■ WORK REQUIRED
Only the lines from the one containing "Wholesale Natural rainbow" to the end of the material are to be copied, exactly and in full; images stay out.
----
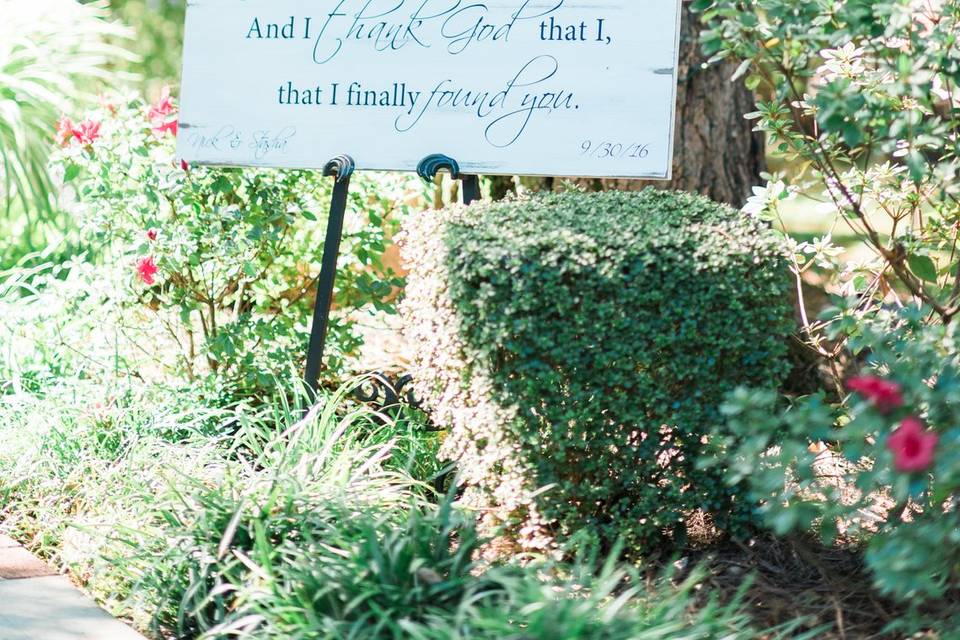 Sign for wedding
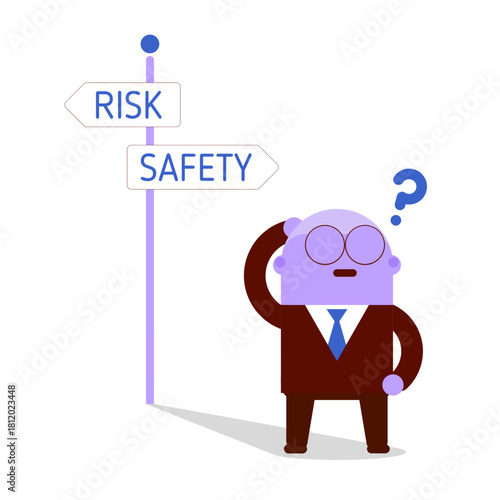 A confused cartoon businessman stands at a crossroads between “Risk” and “Safety,” scratching his head while trying to decide which direction to take.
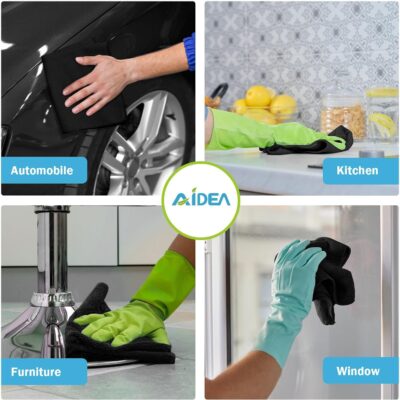AIDEA Microfiber Cleaning Cloth Black 50PK, Microfiber Towels for Cars, Premium Car Cloths, Dusting Cloth Lint Free Cleaning Rags for SUVs, House, Kitchen, Window, Workshops,11.5×11.5" - Image 4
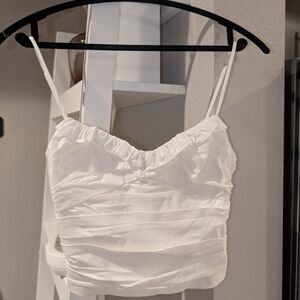 Zara White Ruched Camisole XS
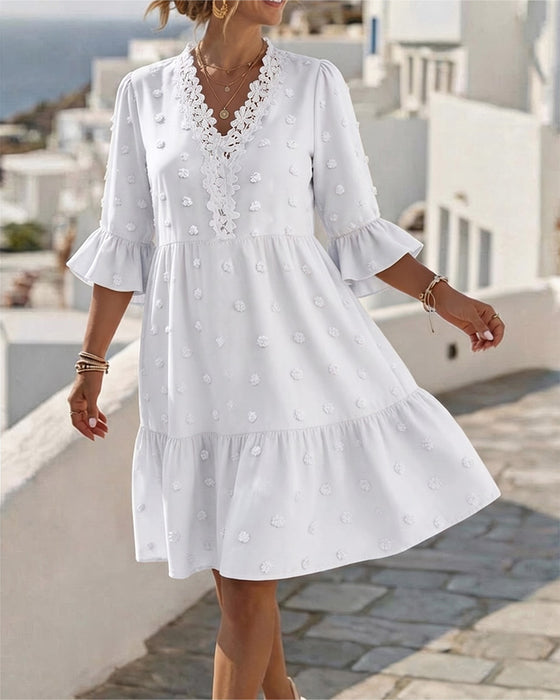 V-Neck Lace Patchwork Dress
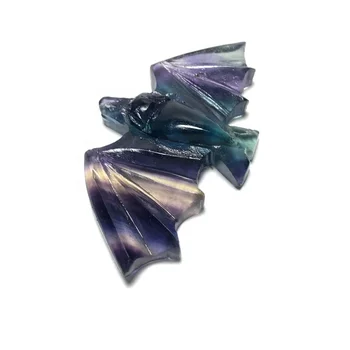 

Wholesale Natural rainbow Fluorite quartz Crystal Carved Bat Decoration Fluorite Crystal Animal Craft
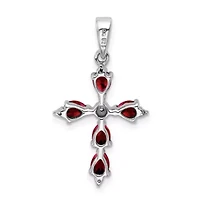Gemstone and Diamond Cross Pendant in Rhodium-plated Sterling Silver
----
■ ANSWER
Wholesale Natural rainbow Fluorite quartz Crystal Carved Bat Decoration Fluorite Crystal Animal Craft
Gemstone and Diamond Cross Pendant in Rhodium-plated Sterling Silver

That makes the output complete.